JDK-6750401 : SSL stress test with GF leads to 32 bit max process size in less than 5 minutes,with PCKS11 provider
  • Type: Bug
  • Component: security-libs
  • Sub-Component: javax.crypto:pkcs11
  • Affected Version: 6,6u14
  • Priority: P1
  • Status: Closed
  • Resolution: Fixed
  • OS: generic,solaris_10
  • CPU: generic,sparc
  • Submitted: 2008-09-19
  • Updated: 2011-04-18
  • Resolved: 2011-04-18
The Version table provides details related to the release that this issue/RFE will be addressed.

Unresolved : Release in which this issue/RFE will be addressed.
Resolved: Release in which this issue/RFE has been resolved.
Fixed : Release in which this issue/RFE has been fixed. The release containing this fix may be available for download as an Early Access Release or a General Availability Release.

To download the current JDK release, click here.
Other Other JDK 6 JDK 7
5.0u24-revFixed 5.0u25Fixed 6u18Resolved 7 b44Fixed
Related Reports
Duplicate :  
Relates :  
Relates :  
Relates :  
Relates :  
Relates :  
Relates :  
Relates :  
Description
Please see issue : https://glassfish.dev.java.net/issues/show_bug.cgi?id=5250 for a detailed discussion
I am copying over the info from the jdk6.dev.java.net issue tracker.  The URL for 5250 is in the first Description entry.  The attachment mentioned has been added to this bug.

---begin---

Please see also Issue 5250 for Glassfish for more background information...

A JVM crash is noticed during a simple load test against Glassfish v2 ur b40
running any of the following JDK : jdk1.5.0_15, jdk1.6.0_06, jdk1.6.0_10rc
(build28).

By simply requesting the index.html on the SSL-enabled listener of the Glassfish
server, the process size (as reported by prstat) will increase steadily and
reach close to 4Gb (3.8) within 5 minutes.

hs_err_pidxxx.log and core file are available and can be generated as needed.

Most of them report one of the following 2 errors :

#
# An unexpected error has been detected by Java Runtime Environment:
#
#  SIGSEGV (0xb) at pc=0xff390858, pid=9667, tid=201
#
# Java VM: Java HotSpot(TM) Server VM (10.0-b22 mixed mode solaris-sparc)
# Problematic frame:
# C  [libc_psr.so.1+0x858]  memcpy+0x450
#
# If you would like to submit a bug report, please visit:
#   http://java.sun.com/webapps/bugreport/crash.jsp
#


or 


#
# An unexpected error has been detected by Java Runtime Environment:
#
# java.lang.OutOfMemoryError: requested 140 bytes for CHeapObj-new.

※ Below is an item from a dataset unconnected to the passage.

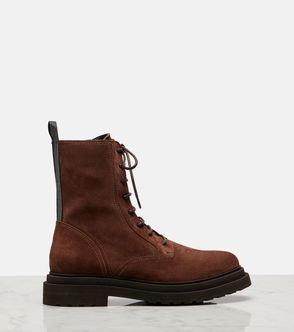 Brown suede lace-up combat boot on marble surface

Out of swap
space?
#
#  Internal Error (allocation.inline.hpp:42), pid=9244, tid=118
#  Error: CHeapObj-new
#
# Java VM: Java HotSpot(TM) Server VM (10.0-b22 mixed mode solaris-sparc)
# If you would like to submit a bug report, please visit:
#   http://java.sun.com/webapps/bugreport/crash.jsp
#

The crash though are always generated when the process is close to the 32bit
proc memory max size.

T2000 machines were used to run Glassfish and the load generator (Grinder). Both
machines are within the same subnet.

Running the same test against the HTTP listener (non-SSL) doesn't show any
leaks: the process size is very stable (no growth) and the process doesn't crash.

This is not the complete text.